È possibile che un soggetto si trovi ad essere proprietario (o comproprietario, ad esempio in caso di successione ereditaria) di uno o più immobili (case o terreni) che non generino alcun profitto, bensì solo costi ed oneri tributari.

Basti pensare al caso di un terreno incolto, inutilizzato e difficile da alienare o locare a terzi, che richieda ingenti spese di gestione, manutenzione o bonifica.

In casi simili, il proprietario o comproprietario non trae alcun beneficio dalla proprietà bene e, al contrario, è soggetto a oneri fiscali e obblighi di conservazione.

Esiste un modo, diverso dalla vendita, per “disfarsi” di un bene immobile non più desiderato?

L’unica strada possibile è quella della rinuncia o abdicazione della proprietà, una fattispecie non espressamente prevista dal codice civile, ma ritenuta legittima – seppur con alcuni limiti – alla luce dell’interpretazione dei principi generali dell’ordinamento.

Innanzitutto occorre scindere due distinte ipotesi: il caso in cui il bene abbia un unico proprietario ed il caso in cui vi siano più comproprietari.

Nella prima ipotesi, in caso di rinuncia alla proprietà, il bene immobile entrerà a far parte del patrimonio dello Stato, sulla scorta di quanto stabilito dall’art. 827 c.c., che prevede l’automatica titolarità in capo allo Stato dei beni immobili privi di un proprietario.

L’atto di abdicazione dovrà essere stipulato avanti ad un notaio e trascritto nei pubblici registri immobiliari, previo versamento di un’imposta di registro pari all’8%.

Nella seconda ipotesi (bene in comproprietà), invece, la rinuncia da parte di un comproprietario produrrà un effetto diverso, ossia quello dell’automatico accrescimento delle quote degli altri contitolari dell’immobile (senza che questi possano opporvisi).

Anche in questo caso, l’atto dovrà essere stipulato avanti ad un notaio e sarà trascritto, nonché soggetto ad un’imposta di importo variabile.

È sempre possibile procedere con la rinuncia?

La risposta è negativa: in primo luogo, occorre sapere che, per espressa previsione dell’art. 1118 codice civile è vietata la rinuncia alla comproprietà sulle parti comuni dello stabile condominiale (e ciò per l’evidente ragione logica di evitare che un soggetto possa liberarsi delle spese condominiali incrementando quelle degli altri inquilini).

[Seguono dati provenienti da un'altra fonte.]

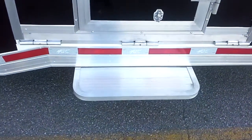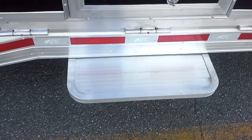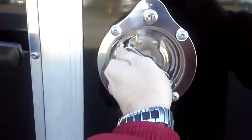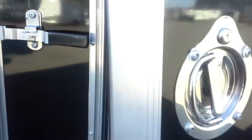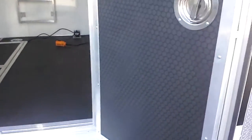Inside here you've got your side step — there's no pins to pull, it's a spring-loaded setup, so you can just pull that out and push it back in as you need to. And the walk-in door I was talking about earlier, just turn this handle and that's it — that way you can walk in the door. Pretty snazzy.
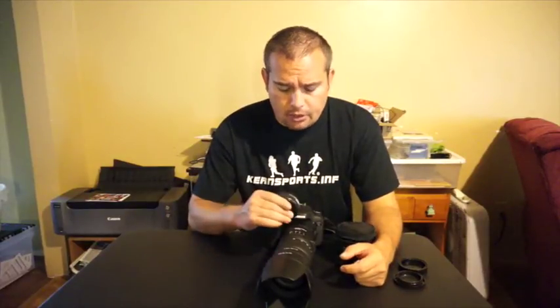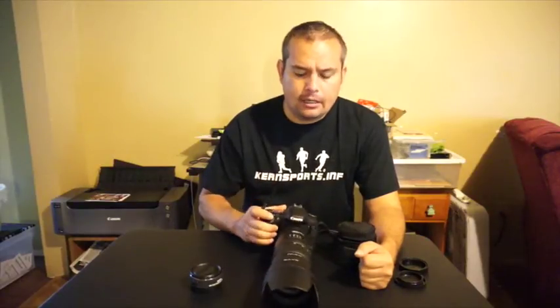One other thing I want to talk about is the Sigma EX DG APO 1.4x teleconverter that I use on occasion with this lens. Sigma makes everything very difficult to say. This hooks right on between the lens and the camera body and gives me an extra 1.4x reach. For example, I'm shooting the 70-200mm on a Canon 7D right now, so the lens is effectively a 320mm. Slap this on and now it's over 400mm — I'm not even going to try to do the math conversion, but it gives you that extra reach when you're out shooting.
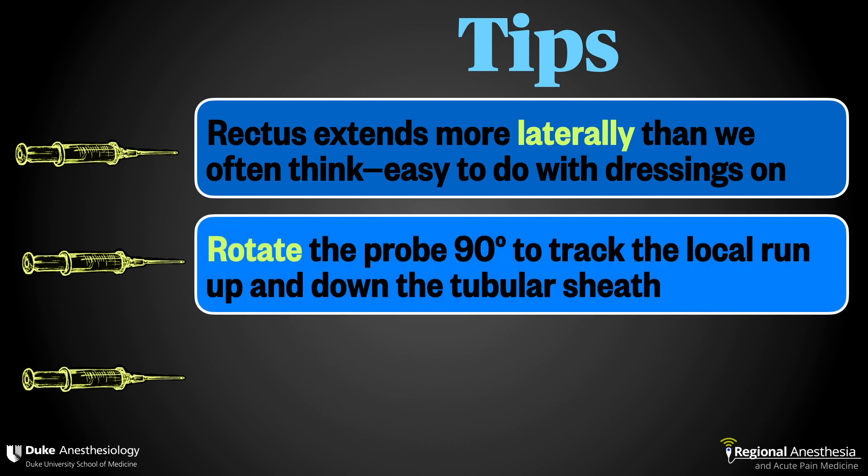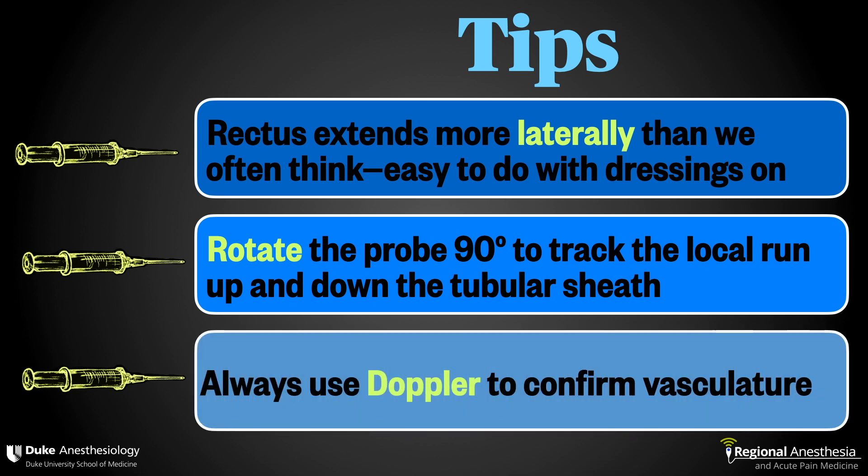Number two: I like to rotate the probe 90 degrees after my injection so it's in the parasagittal orientation. You'll still see the muscle and the rectus sheath, and with this view you'll be able to track the local anesthetic bolus up and down the sheath to confirm that you're getting the appropriate spread.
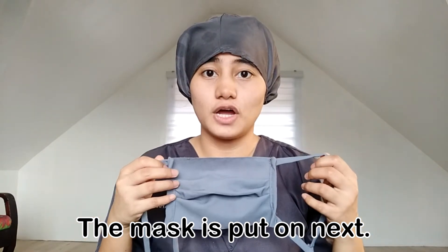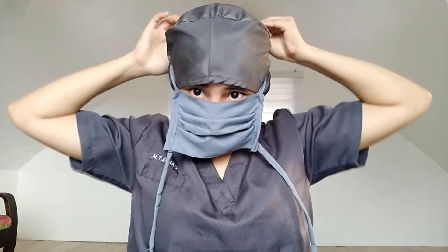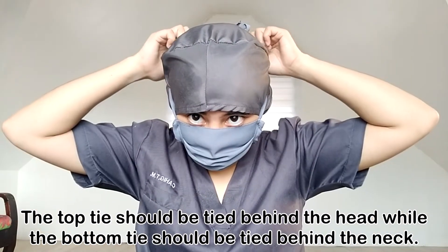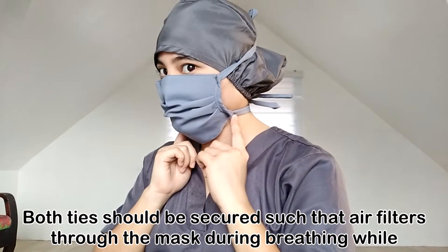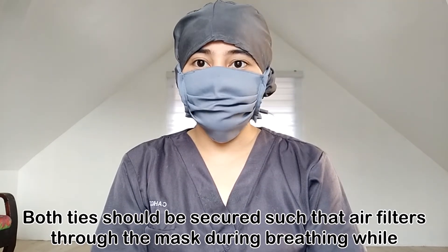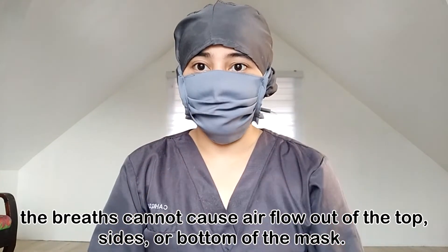The mask is put on next. The top tie should be tied behind the head while the bottom tie is tied behind the neck. Both ties should be secured such that air filters through the mask during breathing while the breaths cannot cause airflow out of the top, side, and bottom of the mask.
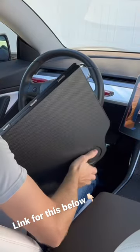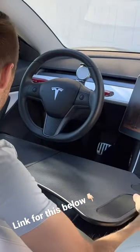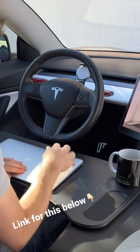Check out this extra large folding table that fits inside your Tesla Model 3 or Tesla Model Y. It's perfect for all those who need to get some work done while on the go, especially while waiting at a Tesla Supercharger.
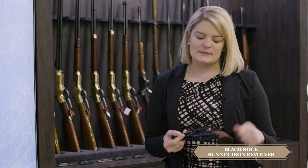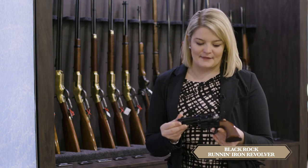The checkered, thin profile walnut grips make it the ultimate competition gun. Add deluxe tuning and you've got the best revolver out there. Check more out at TaylorsFirearms.com.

In linea generale, poi, secondo la giurisprudenza e l’Avvocatura Generale dello Stato, la rinuncia alla proprietà di un bene immobile è nulla qualora essa venga posta in essere al solo egoistico scopo di riversare sullo Stato (o su terzi) i costi di bonifica, manutenzione e/o demolizione dell’immobile stesso (ad esempio nel caso di terreni che presentino problemi di dissesto idrogeologico; terreni inquinati da bonificare, o edifici pericolanti da demolire).

In tal caso può essere riconosciuto il carattere elusivo/fraudolento dell’atto di rinuncia, che sarà, pertanto, suscettibile di dichiarazione di nullità, previo esperimento di un’azione giudiziale di accertamento, su iniziativa dei soggetti interessati (lo Stato o gli altri comproprietari).

L’intento elusivo e/o fraudolento non è, invece, ravvisabile nel caso di un terreno o di un edificio improduttivo che non presenti oneri particolarmente gravosi a carico del proprietario, oppure nell’ipotesi in cui le ragioni della rinuncia non siano esclusivamente legate all’elusione delle spese.